Wednesday, February 20, 2013

New Economic Reality, Old Economic Truths

A Book in Search of an Author
By Nicholas Stix
January 18, 2007

(I just found this mss. while hunting for something in my folders, using the keyword, “Robert Putnam.” I still haven't found what I'm looking for.)

Has history left economics behind, or have the economists and businessmen who claim to champion free market economics betrayed that theory, and made a deal with the Devil that has put America on a road to serfdom just as surely as the socialism of which F.A. Hayek warned?

Adam Smith, the father of free market economics, saw that such an economics functions within a world of national economies, in which businessmen compete with each other for comparative advantage. Today, businessman engage in global labor arbitrage, in seeking absolute advantage, and compete less with each other, than with the citizenry/work force of their nominal countries for absolute advantage. And economists, while paying lip-service to Smithian market economics, have thrown Smith out with the bath water.

Meanwhile, as exasperated members of the American middle class increasingly see themselves being economically displaced, the call is rising for statist solutions. And whenever the people see – correctly, in this case – private businesses breaking the rules of the game with abandon, they will seek statist solutions. But those “solutions” will almost always prove to be chimerical, and will harm business and the people alike.

The economic capital that drives free markets stands on a foundation of social capital (no welfare state, limited government, rule of law, trust).

When Adam Smith wrote The Wealth of Nations, he took the nation-state for granted. But we no longer can. Since borders limit the mobility of labor, and thus keep a floor on labor prices, the open borders ideology of global labor arbitrage has sought to eliminate borders. But such a mentality, though of enormous short-term profitability, is fool’s gold in the near and long-term. Non-coercive economic exchange requires trust, and trust is built up only over the course of generations of an ethnically homogenous people engaging in countless transactions among themselves. Eliminate the homogenous character – the peopleness – of a people, and one is left with either squabbling nationalities who mortally distrust each other, as even liberal political thinker Robert Putnam came to realize, clans ands warlords who trust “their own” and deal with outsiders by literally cutting their throats, or a totalitarian state that controls all economic relations, be it socialism, fascism, communism or national socialism. [Postscript, 2013: Today, we have under “Obama” a mixture of the worst of the clan/warlord and totalitarian models.]

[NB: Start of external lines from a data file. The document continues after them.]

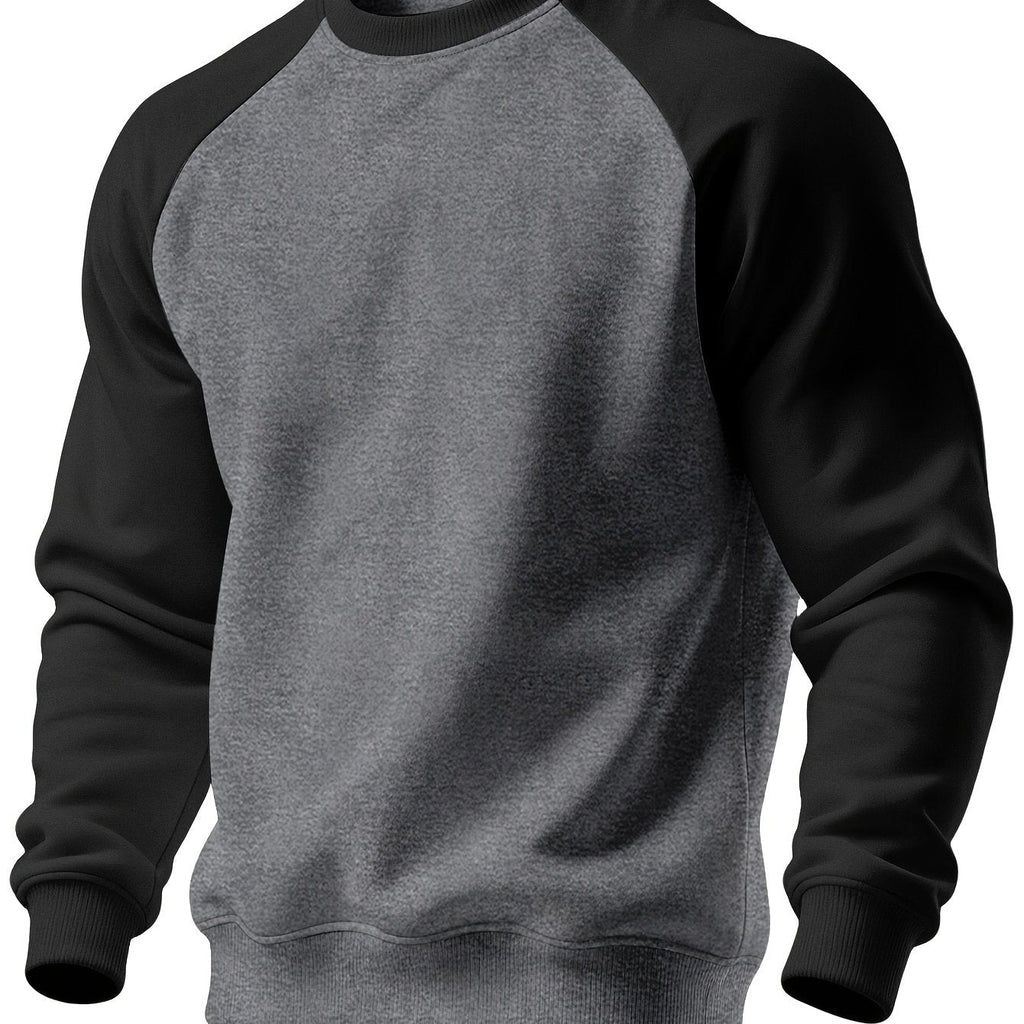 Raglan Crew Neck Sweatshirt Men's Gray Black Colorblock Pullover – Casual, Everyday Layering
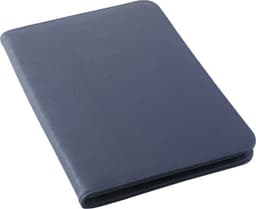 A navy PU conference folder featuring a sleek, minimalist design. It includes a logo.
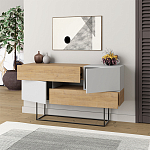 Комод c 2-мя белыми дверцами и 2-мя выдвижными ящиками цвета древесины EROS CONSOLE OAK WHITE варинант исполнения - 2 | Loft Concept в Перми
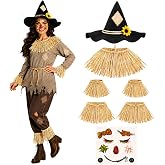 Cosmoria 7-Piece Halloween Straw Costume Set for Men and Women | Straw Accessories Adult Include Hat, Elastic Straw Collar, Wrist cuffs, Ankle Cuffs, and Sticker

Global labor arbitrage has shown contempt for America’s labor and immigration laws by inviting tens of millions of largely unskilled laborers into the U.S. who have contempt for its culture and its laws – often violent contempt. While the immigrants have accepted the role of serf/slave, their children refuse to accept either a subservient role or even normal citizenship, with its attendant obligations.

A market economy is also based on a model of limited government. But global labor arbitrage privatizes profits, while socializing costs. That is to say, that businesses routinely violating the law (whether by hiring illegal aliens, or by lying to the federal government, and claiming a shortage of skilled technical workers, hiring foreign workers at half the market rate, as H1-B workers) pay wages so low that families cannot legally live on them, and offer no benefits. Thus, workers illegally overcrowd homes, thus destroying precious housing stock and making entire neighborhoods unlivable (due to noise, crime, air pollution, traffic accidents, and overstressed infrastructure), fill hospital emergency rooms for medical treatment for which they have no intention of paying, rampantly initiate fraudulent lawsuits against municipalities, and eat away at the tax base. As the late Milton Friedman famously said, “You can’t have open borders and a welfare state.” Yet, open borders apologists do not seek to dismantle the welfare state. And who will pay for the welfare? The same citizens whom the Open Borders Lobby have disenfranchised.

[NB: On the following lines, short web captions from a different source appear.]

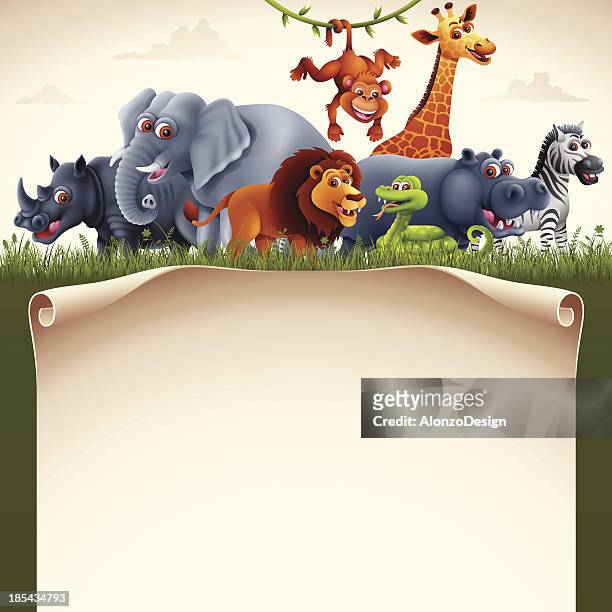 african animals with scroll - animals in the wild stock illustrations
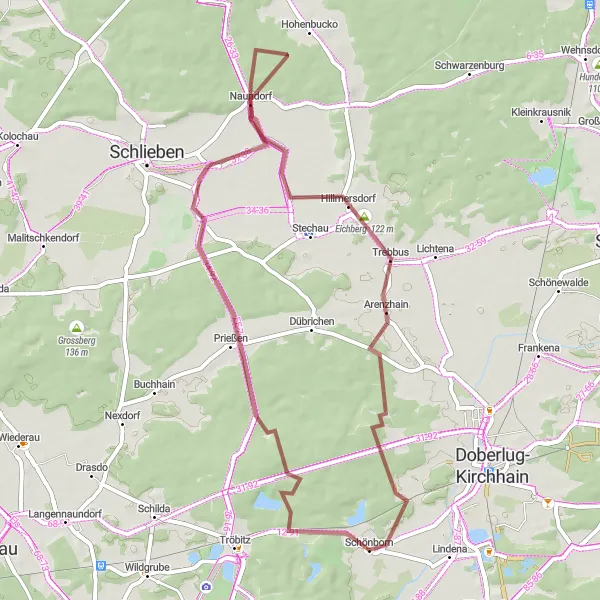 Karten-Miniaturansicht der Radinspiration "Schönborn - Naundorf Rundtour" in Brandenburg, Germany. Erstellt vom Tarmacs.app-Routenplaner für Radtouren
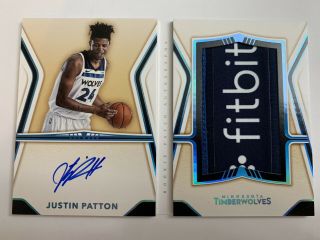 Justin Patton 17/18 Opulence Sponser Patch Booklet Rpa Rc Rookie 3/4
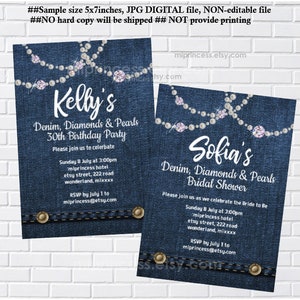 Denim diamond invitation, women birthday party, bridal shower , denim diamond and pearl for any age 30th 40th 45th 50th 60th 1655 image 3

The combination of an ever-decreasing tax base, ever increasing demands on government, disenfranchisement of a nation’s citizens, and legal privileging of non-citizens is a volatile, revolutionary one, that no economy and no polity can long endure.

There is a need for real solutions that will save free markets from those who claim to defend them but who are actually plundering them, and introducing a schizoid combination of feudalism/slavery and anarchy, on the one hand, and those on the other hand, who would seize the moment to eliminate the last vestiges of economic freedom. This book proposes to offer such solutions.